Le beauf a une capacité très marquée à faire baisser le niveau intellectuel de ta famille, sa grande force résidant dans son insondable médiocrité, qui va de pair généralement avec un potentiel de connerie abyssal. Le seul point positif du beauf est qu'il a toujours une bière au frais qui t'attend. Reconnaissons-lui cette vertu, c'est presque souvent la seule et elle est à mettre à son crédit. Mais son utilité sociale s'arrête ici, et il devient même nuisible lorsqu'il n'a plus une goutte d'apéro à te proposer pour ne serait-ce qu'atténuer et diluer dans l'alcool les liens que tu as dû tisser avec cet être abject par la faute de ta soeur qui, décidément, n'aura jamais eu de plomb dans le crâne, puisque toute petite elle te tirait les cheveux, puis adolescente dansait sur du disco sans jamais avoir honte, et finit en toute logique sa vie au bras d'un imbécile qui lui aura fait trois petits monstres à son image -à lui-. La déchéance totale et sans une échappatoire possible. Dieu n'est pas gentil, il a la vue bouchée par les nuages. Dieu ne devrait atterrir que sur des planètes où il fait beau, même si le goudron brûlant des pistes d'atterrissage collerait aux pneus de son vaisseau divin. Mais l'aéroport n'est pas une structure adaptée à une visite de Dieu, car il sonnerait aux portiques de détection, puisque Dieu est Tout et qu'il a forcément du métal sur lui, d'où problèmes avec la douane et les services d'immigration. Si l'on veut que Dieu vienne un jour à notre secours, il faut désactiver les portiques de détection des aéroports, sinon on n'arrivera pas à le choper, on l'effraiera avec des alarmes. Mieux vaut essayer de l'attraper avec une tapette à Dieu géante avec de l'ambroisie et de l'hydromel pour l'appâter.

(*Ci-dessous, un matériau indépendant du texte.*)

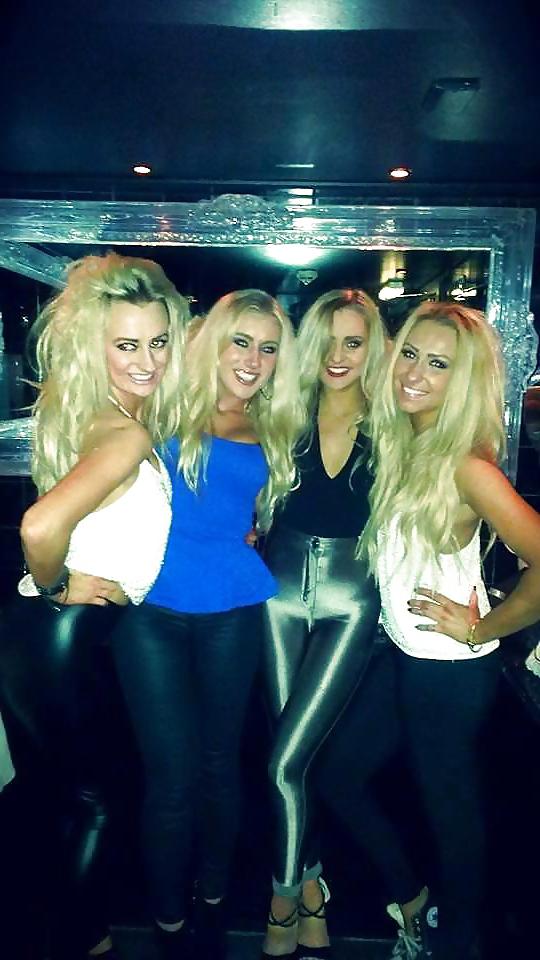 25P Sluts in tight pants! 16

Dans un souci de maintien de ma dignité et de mon port naturellement altier, j'ai réussi à échapper à cet écueil qui est la condition du beauf, et de par ma position extérieure j'ai pu devenir un expert ès beaufologies reconnu par nombre d'éminents intellectuels du monde entier, à commencer par le plus grand d'entre eux, qui est je vous le donne en mille, le premier. Ou peu s'en faut, ne chipotez pas. J'ai vu les dégâts beaufesques que peut donner le mariage de mes deux soeurs, et je me suis résolu à ne jamais franchir le pas. Nous ne sommes liés avec madame pow wow par aucun contrat ni pacte ni serment, pour la bonne raison que je ne m'entendais pas avec sa famille, et pour laquelle je serais devenu un beauf tout ce qu'il y a de plus beaufique. Il faut dire que je leur déplaisais fortement, un mec de gauche dans une famille de droite, ça piquait les yeux, ça leur chatouillait les trous de nez, j'étais un genre de bolchevique vaporub qui donnait rapidement un coup de chaud aux joues. J'ai préféré ne pas me lier à ces gens qui sont des beaufs venus de l'ouest, intrinsèquement et de manière irrémédiable. Alea jacta ouest.
Considérant avec toute l'honnêteté intellectuelle qui nous caractérise ce faisceau d'indices graves et concordants, nous pouvons dès lors en tirer les conclusions qui s'imposent, à savoir:
- Le beauf est raciste car il n'aime pas les gens qui ne sont pas comme lui. C'est pour cette raison que nous n'aimons pas les beaufs, car ils ne sont pas comme nous.
- La soeur est un beauf qui s'ignore, puisqu'elle n'hésite pas à se lier - lors d'une cérémonie où tout le monde est bien habillé mais fait la gueule à la famille d'en face en se disant que c'est des cons - à un être intellectuellement diminué dont elle se reconnaît l'égale. Je voudrais pas dire.
- Le beauf est une race nuisible qui a pour projet la domination du monde. Lorsque tout le monde sera devenu des beaufs, la consanguinité inter-beaufs signera la perte de cette bien piètre espèce.
En conséquence, je m'assieds au bord de la rivière et je regarde passer les cadavres de beaufs au fil de l'eau, je peux même voir en la saison du frai d'autres beaufs remonter le courant à contre-sens, avec une carte de pêche et du fil solide je pourrais en attraper, mais en-dessous d'une certaine taille y faut les relâcher. La darne de beauf en papillote ou le beauf fumé au bois de hêtre peuvent être des solutions envisagées pour limiter la prolifération de l'espèce.